Court of Appeal for Ontario
Date: 2024-02-26 Docket: C70177
Judges: MacPherson, Sossin and Copeland JJ.A.
Between:
His Majesty the King Respondent
and
Richard Senior Appellant
Counsel: Ingrid Grant and Jeff Marshman, for the appellant Katie Doherty, for the respondent
Heard: February 21, 2024
On appeal from the convictions entered on November 10, 2021 and the sentence imposed on January 20, 2022 by Justice Vanessa V. Christie of the Superior Court of Justice, with reasons reported at 2021 ONSC 2729, 2021 ONSC 7254, and 2022 ONSC 136.
Copeland J.A.:
[1] The appellant was an officer of the York Regional Police Service (“YRPS”). In February 2018, as a result of information provided by a confidential informant, the YRPS began an investigation into whether the appellant was involved in criminal activity.
[2] The investigation began with a review of Canadian Police Information Centre name checks run by the appellant from 2006 to 2018. As a result of that review and other investigation, including production orders on the appellant’s phone, it appeared that the appellant was improperly obtaining and disclosing confidential information from police databases for personal reasons, including to friends and family. Further, based on the particular names and circumstances of certain queries run by the appellant on police databases, investigators believed there was a potential connection between the appellant’s conduct and organized crime.
[3] After the initial investigation, two undercover officers were deployed to continue the investigation. One was another YRPS officer who was assigned as a partner to the appellant. The other posed as a confidential informer involved in drug trafficking and organized crime. In light of the publication ban and sealing order imposed by the trial judge on the identities of both undercover officers, I refer to the officer who was assigned as the appellant’s partner as “UC1”. I refer to the officer who posed as a confidential informer as “Henry”, the first name of the alias he used during the investigation.

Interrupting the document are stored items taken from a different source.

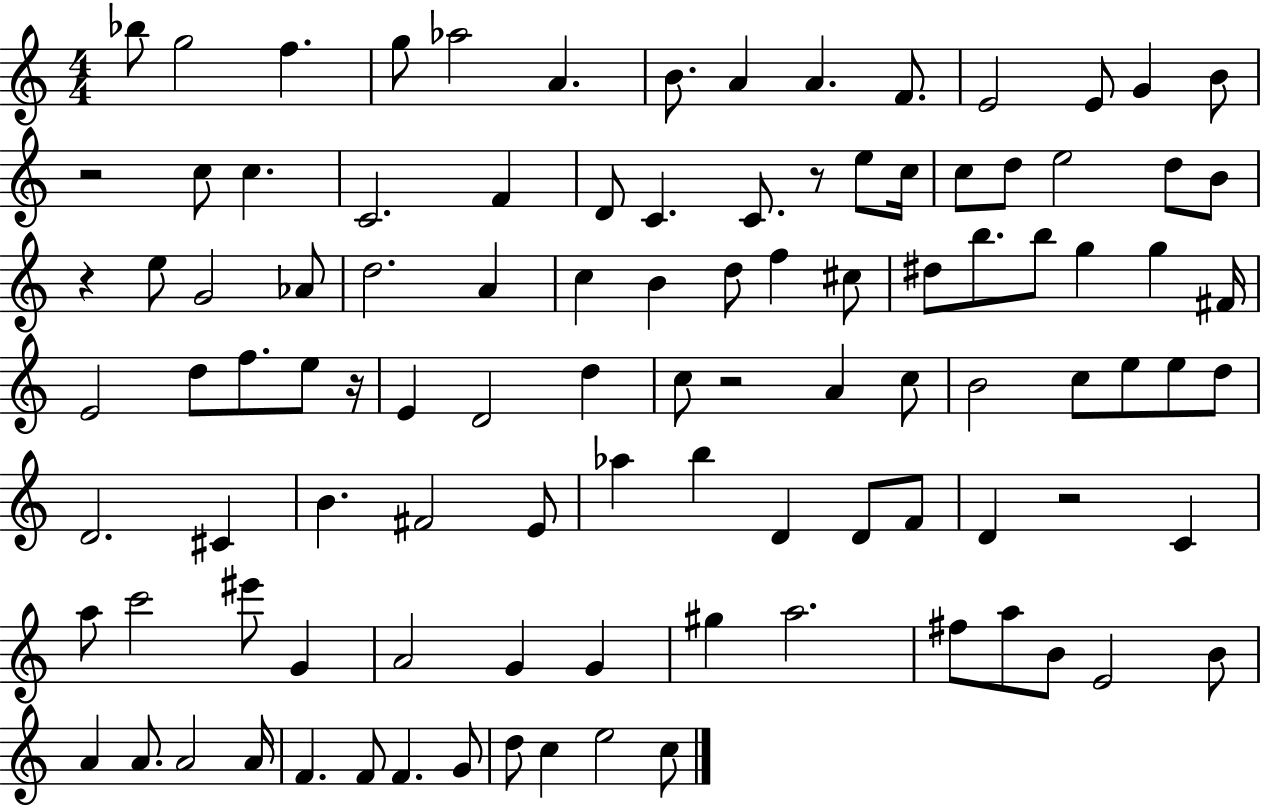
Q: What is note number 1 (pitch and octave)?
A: Bb5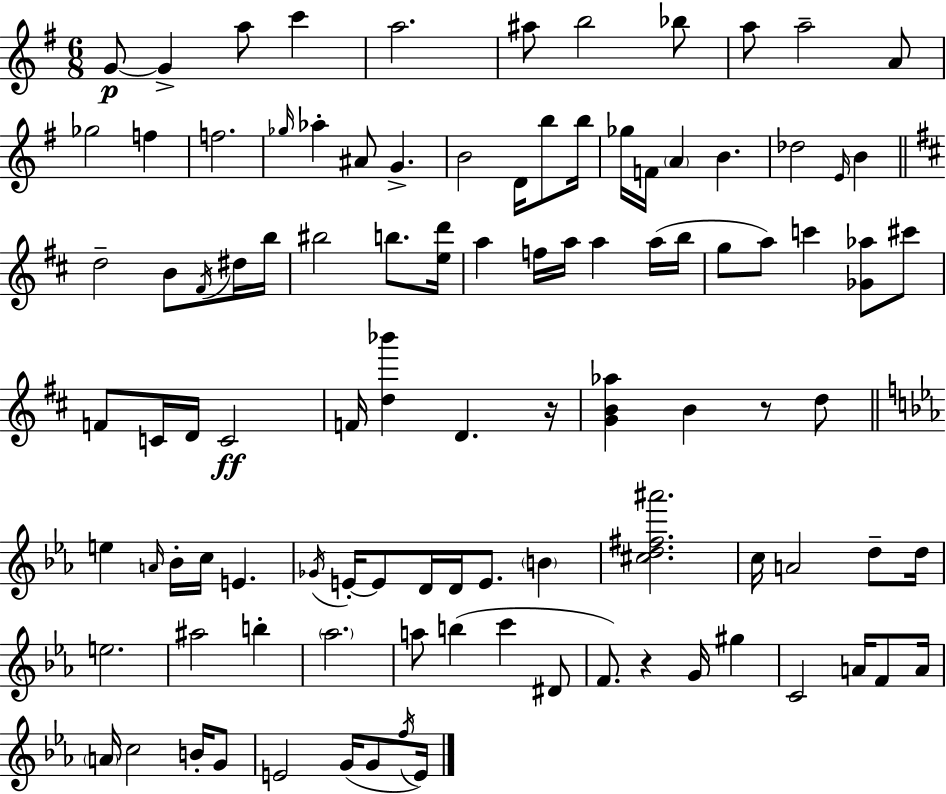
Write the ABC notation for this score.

X:1
T:Untitled
M:6/8
L:1/4
K:Em
G/2 G a/2 c' a2 ^a/2 b2 _b/2 a/2 a2 A/2 _g2 f f2 _g/4 _a ^A/2 G B2 D/4 b/2 b/4 _g/4 F/4 A B _d2 E/4 B d2 B/2 ^F/4 ^d/4 b/4 ^b2 b/2 [ed']/4 a f/4 a/4 a a/4 b/4 g/2 a/2 c' [_G_a]/2 ^c'/2 F/2 C/4 D/4 C2 F/4 [d_b'] D z/4 [GB_a] B z/2 d/2 e A/4 _B/4 c/4 E _G/4 E/4 E/2 D/4 D/4 E/2 B [^cd^f^a']2 c/4 A2 d/2 d/4 e2 ^a2 b _a2 a/2 b c' ^D/2 F/2 z G/4 ^g C2 A/4 F/2 A/4 A/4 c2 B/4 G/2 E2 G/4 G/2 f/4 E/4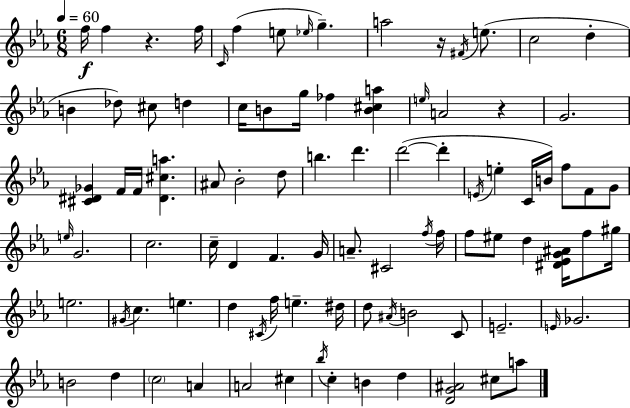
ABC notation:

X:1
T:Untitled
M:6/8
L:1/4
K:Cm
f/4 f z f/4 C/4 f e/2 _e/4 g a2 z/4 ^F/4 e/2 c2 d B _d/2 ^c/2 d c/4 B/2 g/4 _f [B^ca] e/4 A2 z G2 [^C^D_G] F/4 F/4 [^D^ca] ^A/2 _B2 d/2 b d' d'2 d' E/4 e C/4 B/4 f/2 F/2 G/2 e/4 G2 c2 c/4 D F G/4 A/2 ^C2 f/4 f/4 f/2 ^e/2 d [^D_EG^A]/4 f/2 ^g/4 e2 ^G/4 c e d ^C/4 f/4 e ^d/4 d/2 ^A/4 B2 C/2 E2 E/4 _G2 B2 d c2 A A2 ^c _b/4 c B d [DG^A]2 ^c/2 a/2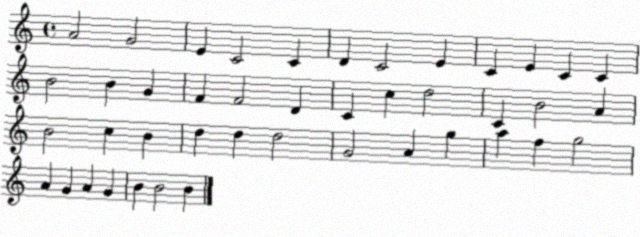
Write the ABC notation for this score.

X:1
T:Untitled
M:4/4
L:1/4
K:C
A2 G2 E C2 C D C2 E C E C C B2 B G F F2 D C c d2 C B2 A B2 c B d d d2 G2 A g a f g2 A G A G B B2 B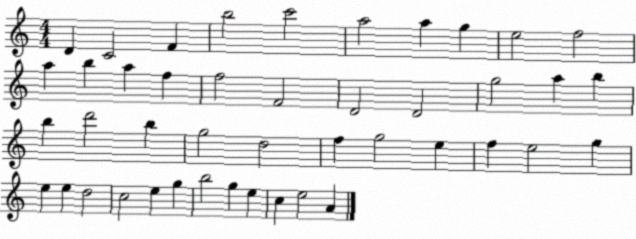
X:1
T:Untitled
M:4/4
L:1/4
K:C
D C2 F b2 c'2 a2 a g e2 f2 a b a f f2 F2 D2 D2 g2 a b b d'2 b g2 d2 f g2 e f e2 g e e d2 c2 e g b2 g e c e2 A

[4] As a result of the investigation, the appellant was charged with 14 counts: theft under $5,000, two counts of uttering a forged document, two counts of unauthorized use of a computer, three counts of breach of trust, possession of a firearm obtained by theft, weapons dangerous, attempted robbery, trafficking in cocaine, and two counts of trafficking in steroids.
[5] In a trial by judge alone, the appellant was found guilty of 11 counts. Following the findings of guilt, the appellant brought an entrapment application seeking to stay most of the counts of which he was found guilty. The trial judge found that the appellant had been entrapped on three counts and stayed those counts. She dismissed the balance of the entrapment application and entered convictions on the eight remaining counts. The appellant was sentenced to a global sentence of seven and a half years imprisonment on the eight remaining counts.
[6] The appellant appeals five of the eight counts on which he was convicted. The appellant argues that the trial judge committed errors in her analysis of entrapment on these counts and that they should be stayed. In the event the court agrees that some or all of the counts under appeal should be stayed, the appellant argues that his sentence should be varied. [1]
[7] After hearing the appellant’s submissions, the court did not call on the Crown and dismissed the appeal from the Bench with reasons to follow. These are the reasons.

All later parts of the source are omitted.